From: Marco Stornelli <[email protected]>
All fs must check for the immutable flag in their fallocate callback.
It's possible to have a race condition in this scenario: an application
open a file in read/write and it does something, meanwhile root set the
immutable flag on the file, the application at that point can call
fallocate with success.
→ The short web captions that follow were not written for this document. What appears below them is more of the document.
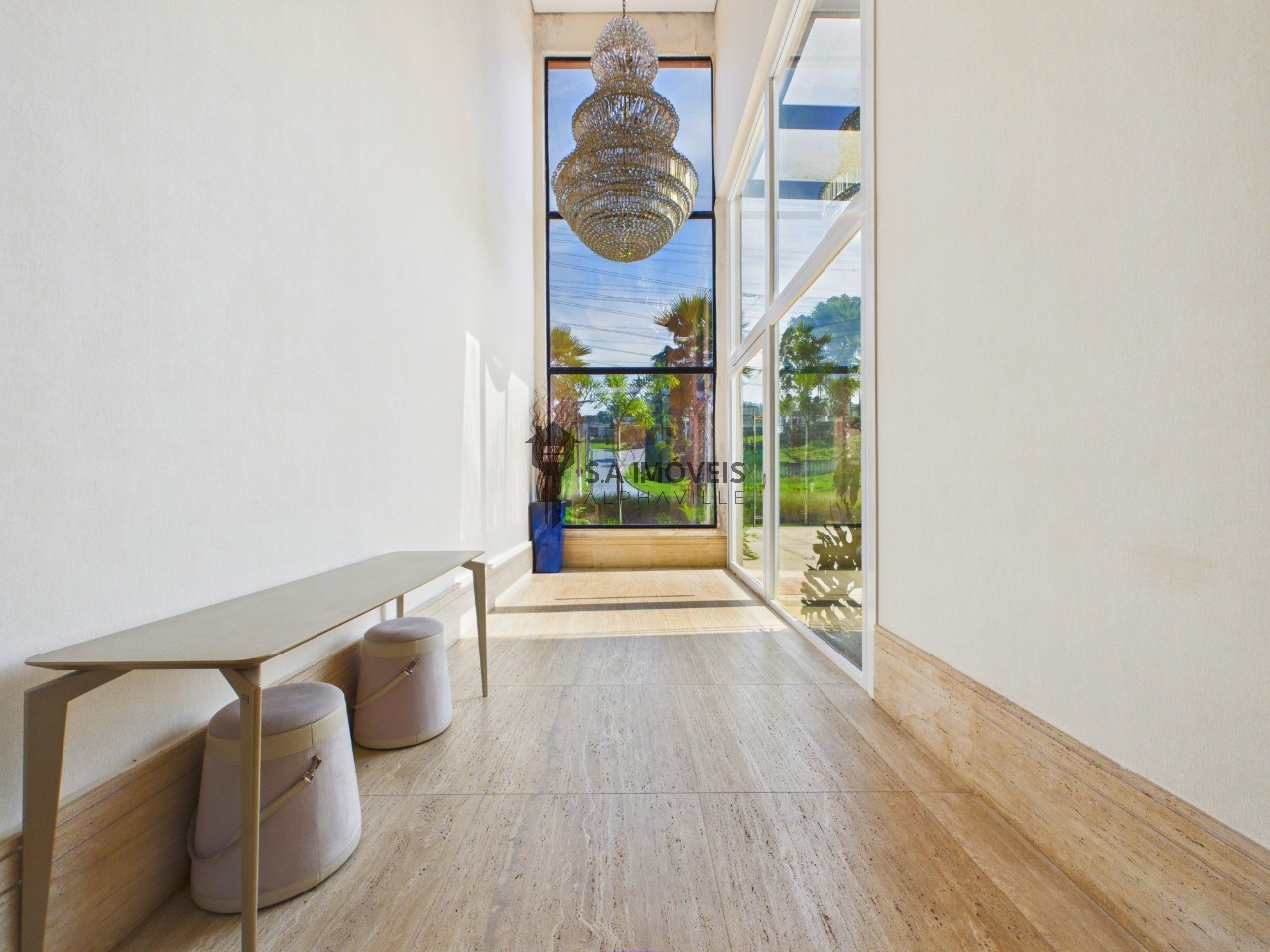 Casa para venda ou locação em Tamboré, 1.400 m² – Barueri – Cód. 79015768 — imagem 3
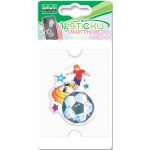 My Sticky 3D Smartphone, 6 modele asortate (48 pachete/display) - imagine 7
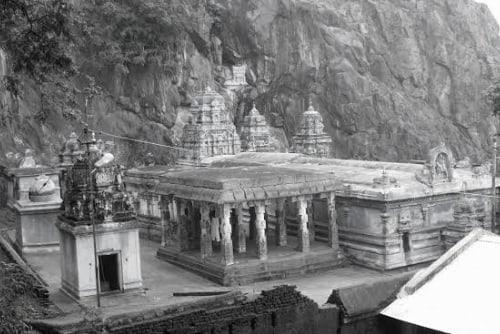 Dharmapuri Dharmapuri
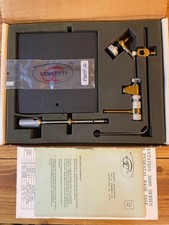 Renzetti Presentation Vise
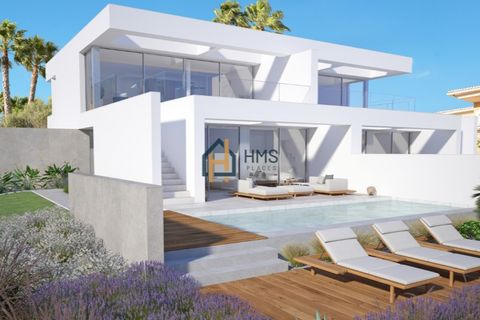 Villa i Luz, Faro, Luz - € 1.400.000 | Ref: Miraluz II H - foto 5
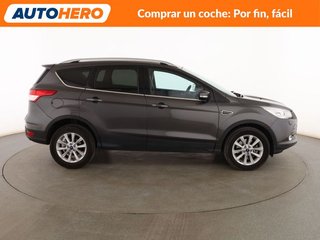 Ford Kuga 2.0 TDCi Titanium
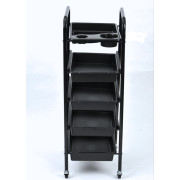 Парикмахерская тележка 013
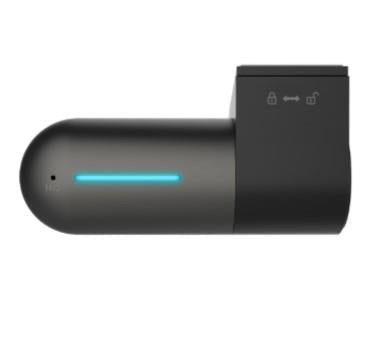 WYEFLOW ClearView Dash Camera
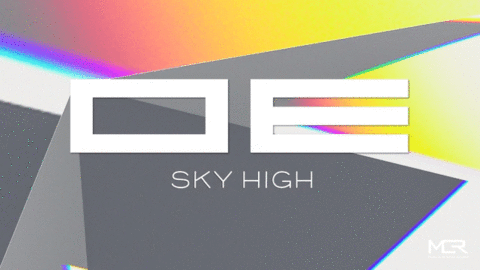 OE - Sky High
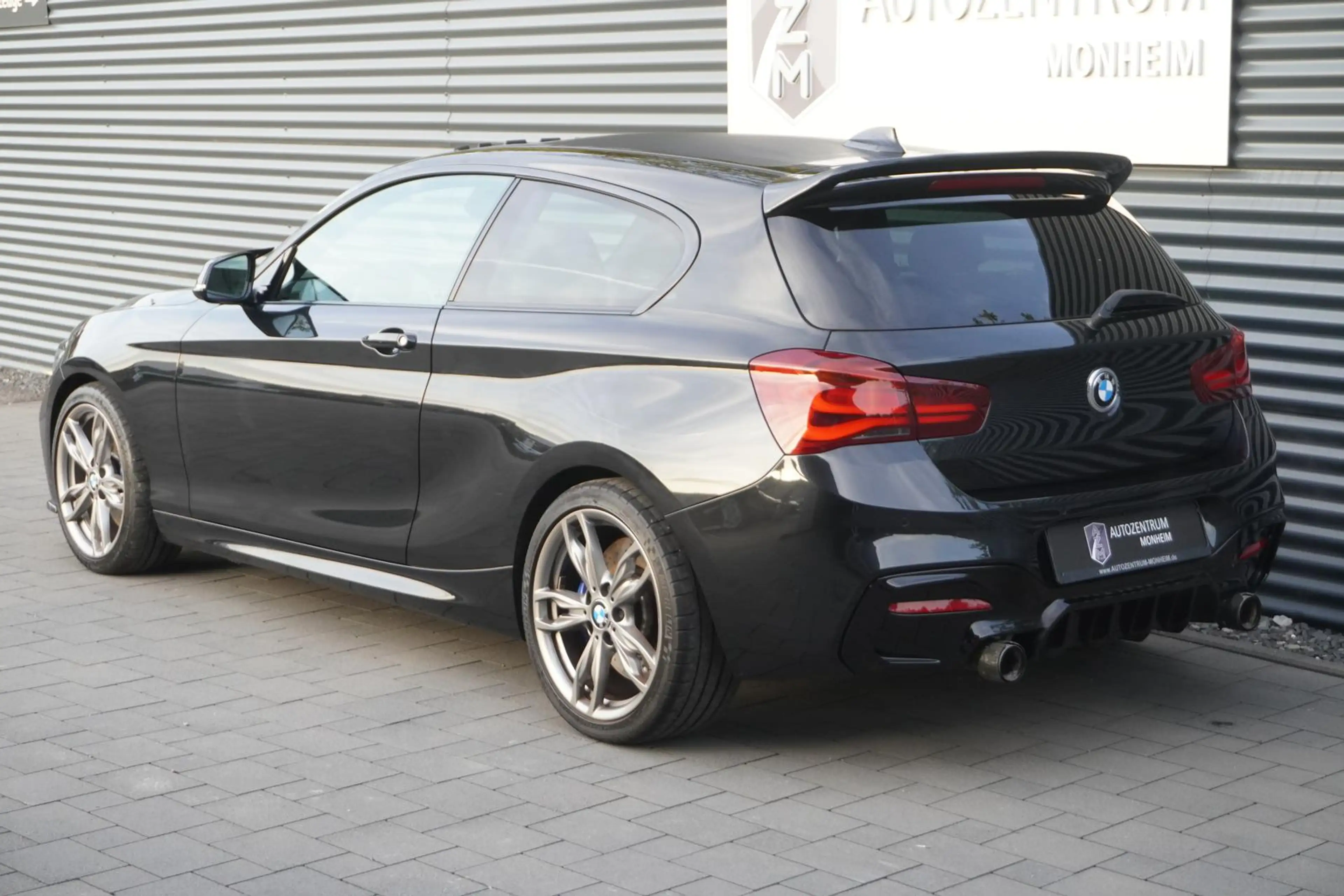 BMW 140 SCHALTGETRIEBE|SCHIEBEDACH|SHADOW|H&K|LED — photo 8
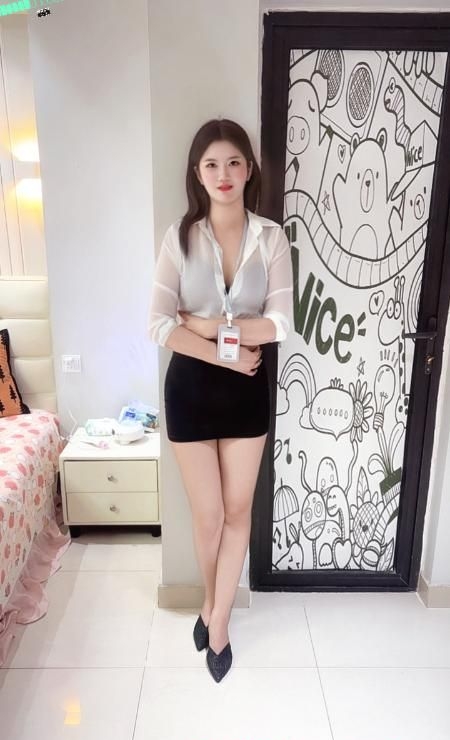 蜀山纯欲美羊羊 2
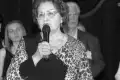 После тяжелой и продолжительной болезни, на восемьдесят пятом году жизни, 26 марта 2022 года скончалась Алевтина Валентиновна Меренкова, старейший работник культуры Ставропольского края.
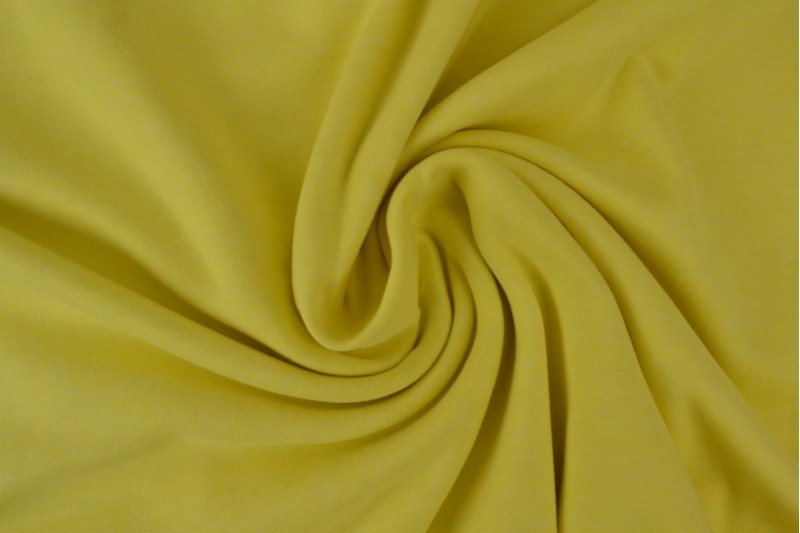 Supersoft-Jersey gelb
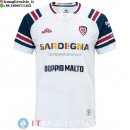 Thailandia Maglia Cagliari Calcio Seconda 2026/2027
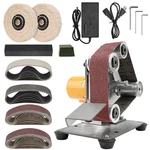 Sbestily Multifunctional Electric Jewelry Making Machine Sharpener, 7 Adjusta.... Fixed Price $94.76.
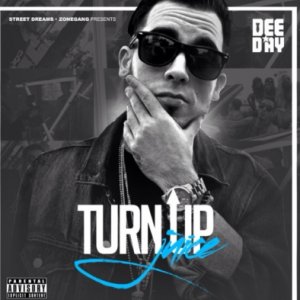 DEE DAY 2 Hosted by Don Cannon Cover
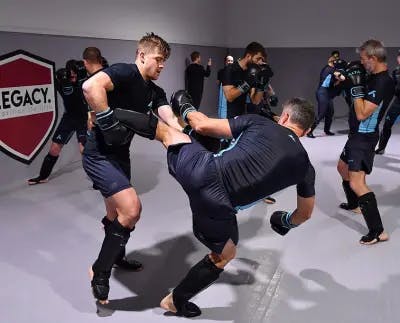 Learn MMA and Judo with Alta near you. We have world class coaches, facilities and programs so you can learn mixed martial arts, kickboxing, BJJ, Wrestling and more. Lose weight, gain muscle, get fit and healthy, build mental resilience and transform your life!
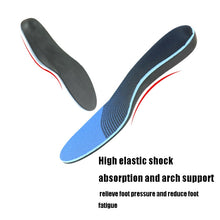 Load image into Gallery viewer, 1 Pair Valgus Flat Feet Orthopedic Insole, XS(35-37), S(38-40), M(41-43), L(44-45), XL(46-47)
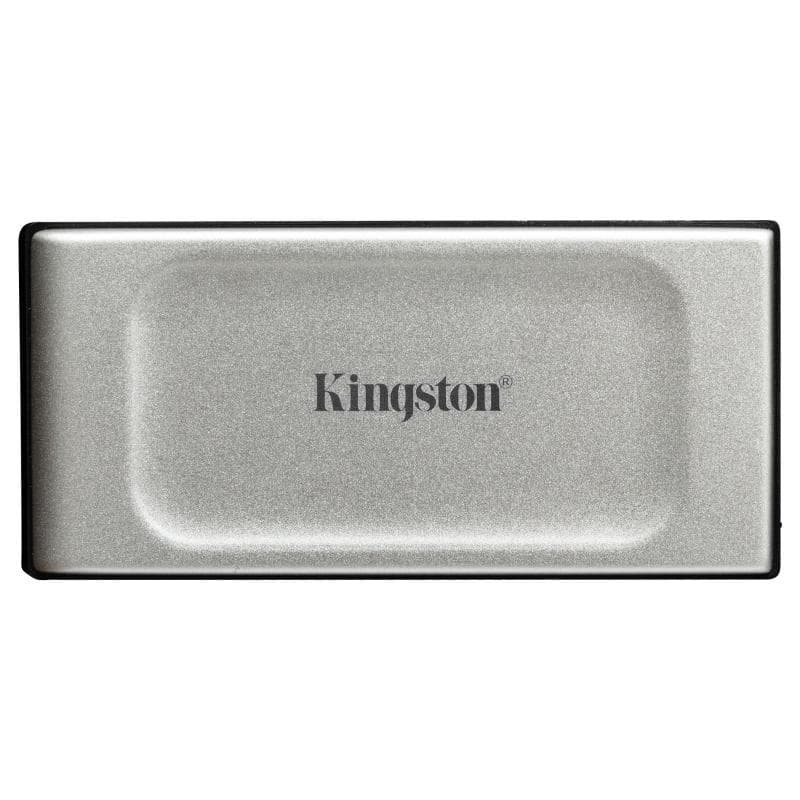 KINGSTON XS2000 PORTABLE SSD 500GB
Only Ocfs2 check for the immutable flag at the
moment.
Signed-off-by: Marco Stornelli <[email protected]>
---
Patch is against 2.6.38-rc5
--- linux-2.6.38-rc5-orig/fs/ext4/extents.c 2011-02-16 04:23:45.000000000 +0100
+++ linux-2.6.38-rc5/fs/ext4/extents.c 2011-02-21 08:43:37.000000000 +0100
@@ -3670,6 +3670,12 @@ long ext4_fallocate(struct file *file, i
*/
credits = ext4_chunk_trans_blocks(inode, max_blocks);
mutex_lock(&inode->i_mutex);
+
+ if (IS_IMMUTABLE(inode)) {
+ mutex_unlock(&inode->i_mutex);
+ return -EPERM;
+ }
+
ret = inode_newsize_ok(inode, (len + offset));
if (ret) {
mutex_unlock(&inode->i_mutex);
--- linux-2.6.38-rc5-orig/fs/btrfs/file.c 2011-02-16 04:23:45.000000000 +0100
+++ linux-2.6.38-rc5/fs/btrfs/file.c 2011-02-21 08:55:58.000000000 +0100
@@ -1289,6 +1289,12 @@ static long btrfs_fallocate(struct file
btrfs_wait_ordered_range(inode, alloc_start, alloc_end - alloc_start);
mutex_lock(&inode->i_mutex);
+
+ if (IS_IMMUTABLE(inode)) {
+ ret = -EPERM;
+ goto out;
+ }
+
ret = inode_newsize_ok(inode, alloc_end);
if (ret)
goto out;
--- linux-2.6.38-rc5-orig/fs/xfs/linux-2.6/xfs_file.c 2011-02-16 04:23:45.000000000 +0100
+++ linux-2.6.38-rc5/fs/xfs/linux-2.6/xfs_file.c 2011-02-21 09:07:46.000000000 +0100
@@ -909,6 +909,11 @@ xfs_file_fallocate(
if (mode & FALLOC_FL_PUNCH_HOLE)
cmd = XFS_IOC_UNRESVSP;
+ if (IS_IMMUTABLE(inode)) {
+ error = -EPERM;
+ goto out_unlock;
+ }
+
/* check the new inode size is valid before allocating */
if (!(mode & FALLOC_FL_KEEP_SIZE) &&
offset + len > i_size_read(inode)) {
--- linux-2.6.38-rc5-orig/fs/gfs2/file.c 2011-02-16 04:23:45.000000000 +0100
+++ linux-2.6.38-rc5/fs/gfs2/file.c 2011-02-21 09:09:17.000000000 +0100
@@ -797,6 +797,11 @@ static long gfs2_fallocate(struct file *
if (unlikely(error))
goto out_uninit;
+ if (IS_IMMUTABLE(inode)) {
+ error = -EPERM;
+ goto out_unlock;
+ }
+
if (!gfs2_write_alloc_required(ip, offset, len))
goto out_unlock;
On Mon, Feb 21, 2011 at 09:26:32AM +0100, Marco Stornelli wrote:
> From: Marco Stornelli <[email protected]>
>
> All fs must check for the immutable flag in their fallocate callback.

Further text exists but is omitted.